In questo modo sorge l’ideale dell’impero sovranazionale, dei popoli legati al vincolo dinastico, quasi paterno, verso il sovrano; popoli, dunque, cioè razze e gruppi etnici e non individualità nazionali: questo linguaggio rivela la mancanza dell’idea dinastica d’un centro d’aggregazione politica. Nasce in quella occasione il mito della monarchia popolare, intesa come legame paternalistico e sentimentale tra sovrano e popolo.

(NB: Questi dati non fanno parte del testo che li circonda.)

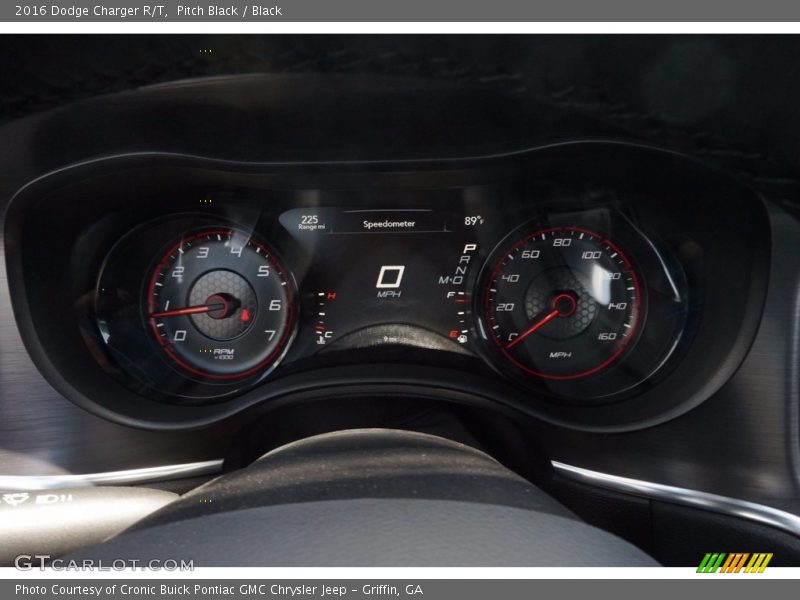 Pitch Black / Black 2016 Dodge Charger R/T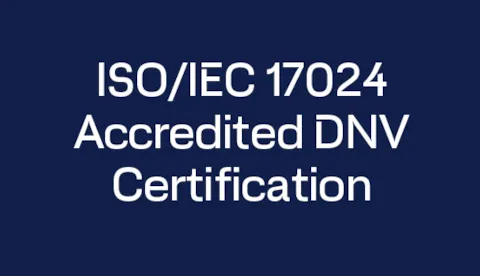 ISO/IEC 17024 Accredited DNV Certification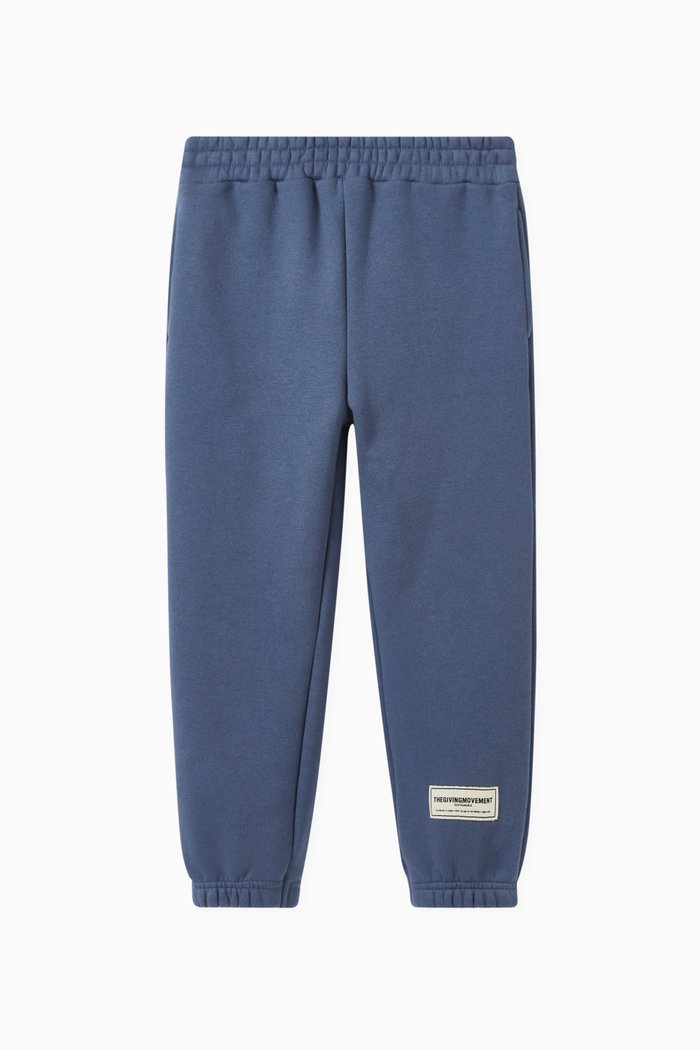 

Logo Joggers in Organic Cotton-blend, Blue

Ed è allora che sorge, come dice l’autore, un ideale propriamente asburgico: quello burocratico, come forza costitutiva del mondo austriaco.

In quell’ideale non c’è alcuna volontà propriamente illuministica di riformare lo Stato, ma l’esigenza di un’ordinata giustizia nella quale si colloca un immobilismo timoroso di ogni riforma che potrebbe creare inquinanti dinamiche. Accanto all’ideale democratico bisogna ravvisare, come altro elemento caratterizzante da società austro-ungarica, le aspirazioni edonistiche (edonismo: concezione filosofica secondo cui il piacere è il bene sommo dell’uomo e il suo conseguimento il fine esclusivo della vita) largamente diffuse, all’interno delle quali la gioia si mescola alla malinconia, quasi fossero una rivalsa per la mancanza di responsabilità e di partecipazione politica. In tal modo, conclude l’autore, il mito asburgico nasce come condensazione di debolezze strutturali, e si afferma progressivamente in assenza di una concreta dinamica sociale e civile.

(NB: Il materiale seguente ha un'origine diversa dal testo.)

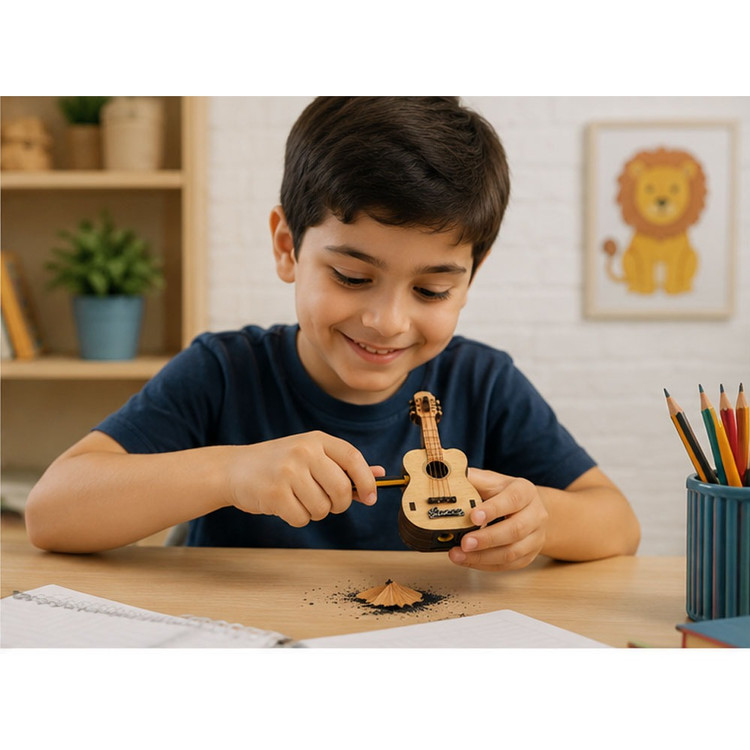تراش فانتزی چوبی گیتار کد 232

Qui di seguito una delle citazioni più famose di Claudio Magris:
“La vita – diceva Pistorius, il nostro maestro di grammatica, accompagnando con gesti rotondi e pacati le citazioni latine in quella stanza tappezzata di un rosso che la sera s’incupiva e si spegneva, brace dell’infanzia che ardeva nel buio – non è una proposizione o un’asserzione, ma un’interiezione, un’interpunzione, una congiunzione, tutt’al più un avverbio”.